FS_MAX_NAME at 128 bytes covers the vast majority of real-world filenames. FAT32 long filenames can theoretically reach 255 characters, but in practice survival documentation and source files have short names. FS_MAX_ENTRIES at 256 limits directory listings to a reasonable size for an embedded system – 256 entries times the size of fs_entry is about 34KB of stack or heap, well within our budget.

The Function Signatures

/* Initialize filesystem -- opens the boot volume.
   Call after g_boot is set up. */
EFI_STATUS fs_init(void);

/* Read directory contents into caller-provided array.
   path is CHAR16, e.g. L"\\" for root or L"\\EFI\\BOOT".
   Returns number of entries, or -1 on error.
   Entries are sorted: directories first, then alphabetical. */
int fs_readdir(const CHAR16 *path, struct fs_entry *entries, int max_entries);

/* Read entire file into a newly allocated buffer.
   Caller must mem_free() the returned pointer.
   Sets *out_size to file size. Returns NULL on error. */
void *fs_readfile(const CHAR16 *path, UINTN *out_size);

/* Write data to a file, creating or replacing it. */
EFI_STATUS fs_writefile(const CHAR16 *path, const void *data, UINTN size);

/* Get volume size and free space in bytes.
   Returns 0 on success, -1 on error. */
int fs_volume_info(UINT64 *total_bytes, UINT64 *free_bytes);

/* Get file size in bytes. Returns 0 if file doesn't exist. */
UINT64 fs_file_size(const CHAR16 *path);

/* Check if a file or directory exists. Returns 1 if yes, 0 if no. */
int fs_exists(const CHAR16 *path);

/* Rename a file. new_name is just the filename, not a full path. */
EFI_STATUS fs_rename(const CHAR16 *path, const CHAR16 *new_name);

#endif /* FS_H */

Eight functions. The first three do the heavy lifting – initialize, list a directory, and read a file. fs_writefile and fs_rename handle the write path (we implement them in Chapters 11 and 10 respectively, when we need them). The remaining three are convenience wrappers that reuse the same UEFI protocol calls to answer common questions.

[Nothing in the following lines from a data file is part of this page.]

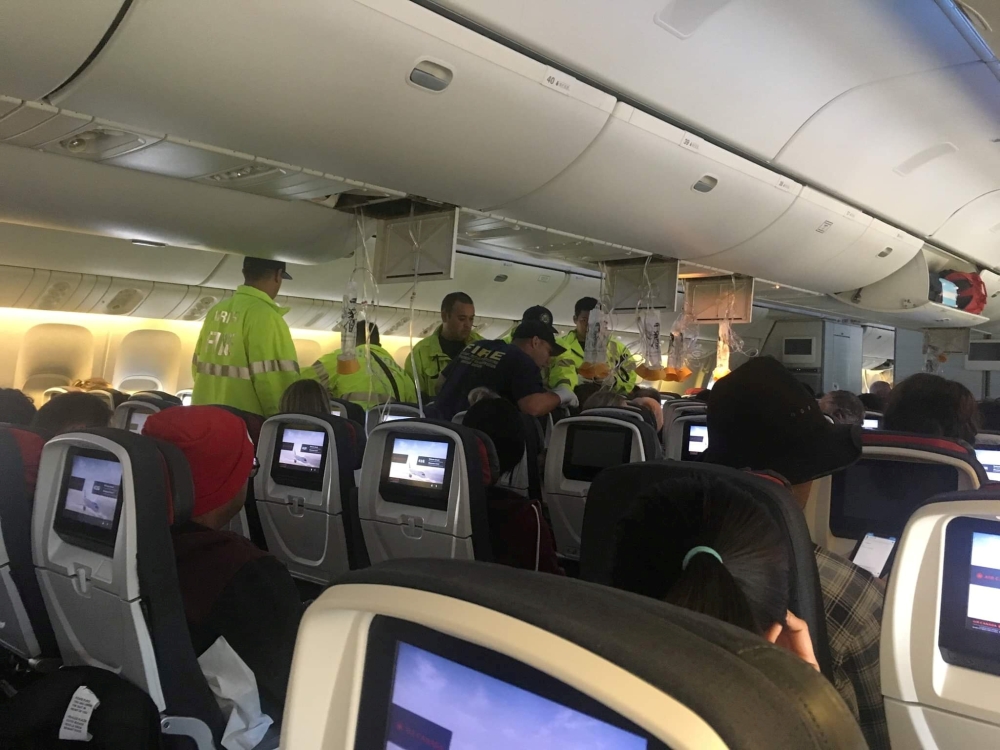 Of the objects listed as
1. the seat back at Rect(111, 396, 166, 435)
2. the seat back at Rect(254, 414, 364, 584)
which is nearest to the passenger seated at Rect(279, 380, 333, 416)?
the seat back at Rect(254, 414, 364, 584)

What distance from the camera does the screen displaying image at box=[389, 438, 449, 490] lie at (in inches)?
139

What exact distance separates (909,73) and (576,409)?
13.3 ft

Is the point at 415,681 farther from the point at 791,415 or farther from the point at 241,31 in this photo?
the point at 241,31

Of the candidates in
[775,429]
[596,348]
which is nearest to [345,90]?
[775,429]

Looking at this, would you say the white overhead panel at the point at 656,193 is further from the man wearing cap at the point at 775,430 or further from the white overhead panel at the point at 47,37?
the white overhead panel at the point at 47,37

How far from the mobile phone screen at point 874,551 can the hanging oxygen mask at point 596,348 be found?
3.62 m

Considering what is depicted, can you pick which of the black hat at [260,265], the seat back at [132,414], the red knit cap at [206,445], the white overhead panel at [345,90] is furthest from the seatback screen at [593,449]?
the seat back at [132,414]

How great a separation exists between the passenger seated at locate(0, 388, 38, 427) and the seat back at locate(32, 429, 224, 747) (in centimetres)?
312

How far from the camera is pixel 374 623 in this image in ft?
2.79

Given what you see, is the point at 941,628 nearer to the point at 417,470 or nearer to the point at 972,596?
the point at 972,596

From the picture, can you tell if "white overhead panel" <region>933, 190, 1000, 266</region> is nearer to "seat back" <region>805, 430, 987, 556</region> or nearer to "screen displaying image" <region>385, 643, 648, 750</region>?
"seat back" <region>805, 430, 987, 556</region>

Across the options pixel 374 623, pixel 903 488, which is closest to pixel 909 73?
pixel 903 488

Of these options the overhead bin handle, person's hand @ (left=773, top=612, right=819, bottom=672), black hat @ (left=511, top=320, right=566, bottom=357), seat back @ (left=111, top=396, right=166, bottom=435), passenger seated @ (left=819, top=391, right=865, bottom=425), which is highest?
the overhead bin handle

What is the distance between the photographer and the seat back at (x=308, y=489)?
396cm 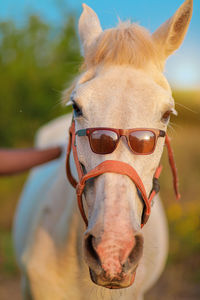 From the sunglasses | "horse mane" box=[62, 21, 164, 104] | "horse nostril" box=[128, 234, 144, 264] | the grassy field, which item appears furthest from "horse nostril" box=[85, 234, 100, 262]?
the grassy field

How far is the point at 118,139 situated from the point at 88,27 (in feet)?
2.96

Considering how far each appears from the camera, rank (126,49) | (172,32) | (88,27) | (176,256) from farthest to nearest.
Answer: (176,256) < (88,27) < (172,32) < (126,49)

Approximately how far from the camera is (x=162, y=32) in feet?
5.84

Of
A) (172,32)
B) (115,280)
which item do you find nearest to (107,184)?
(115,280)

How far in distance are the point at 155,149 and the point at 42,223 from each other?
106 cm

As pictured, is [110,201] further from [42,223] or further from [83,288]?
[42,223]

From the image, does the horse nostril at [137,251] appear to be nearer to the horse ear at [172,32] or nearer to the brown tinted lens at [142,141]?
the brown tinted lens at [142,141]

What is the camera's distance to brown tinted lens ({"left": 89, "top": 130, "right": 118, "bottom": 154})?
139 centimetres

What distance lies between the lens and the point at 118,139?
4.58ft

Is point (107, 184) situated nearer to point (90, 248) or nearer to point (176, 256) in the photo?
point (90, 248)

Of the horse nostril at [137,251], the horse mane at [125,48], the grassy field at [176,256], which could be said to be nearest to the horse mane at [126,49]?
the horse mane at [125,48]

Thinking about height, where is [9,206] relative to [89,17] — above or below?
below

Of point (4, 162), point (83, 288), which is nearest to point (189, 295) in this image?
point (83, 288)

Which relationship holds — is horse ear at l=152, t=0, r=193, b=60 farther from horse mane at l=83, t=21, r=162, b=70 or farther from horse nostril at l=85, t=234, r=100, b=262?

fs_readdir takes a CHAR16 path because UEFI requires it. Paths use backslash separators: L"\\" for the root, L"\\EFI\\BOOT" for nested directories. It returns the entry count, or -1 on error. The caller provides the array and its maximum size – we do not allocate internally.

fs_readfile returns a dynamically allocated buffer that the caller must mem_free(). The alternative – making the caller pass a pre-sized buffer – would require knowing the file size in advance, which means two calls instead of one. The returned-buffer pattern is simpler at the call site.

fs_volume_info, fs_file_size, and fs_exists round out the read-side API. They answer the questions every file manager needs: “How much space is left?”, “How big is this file?”, and “Does this path exist?” We implement them after the core three.

Character Conversion

Now the implementation. Create src/fs.c:

#include "fs.h"
#include "mem.h"

/* Root directory handle for the boot volume */
static EFI_FILE_HANDLE s_root;
static EFI_FILE_HANDLE s_boot_root;  /* saved boot volume root */

Two module-level statics. s_root is the root directory handle that every filesystem operation uses. Once fs_init opens it, all subsequent calls – fs_readdir, fs_readfile, and every other fs_* function – navigate from this root. s_boot_root saves a copy so we can restore it later if we ever switch to a different volume.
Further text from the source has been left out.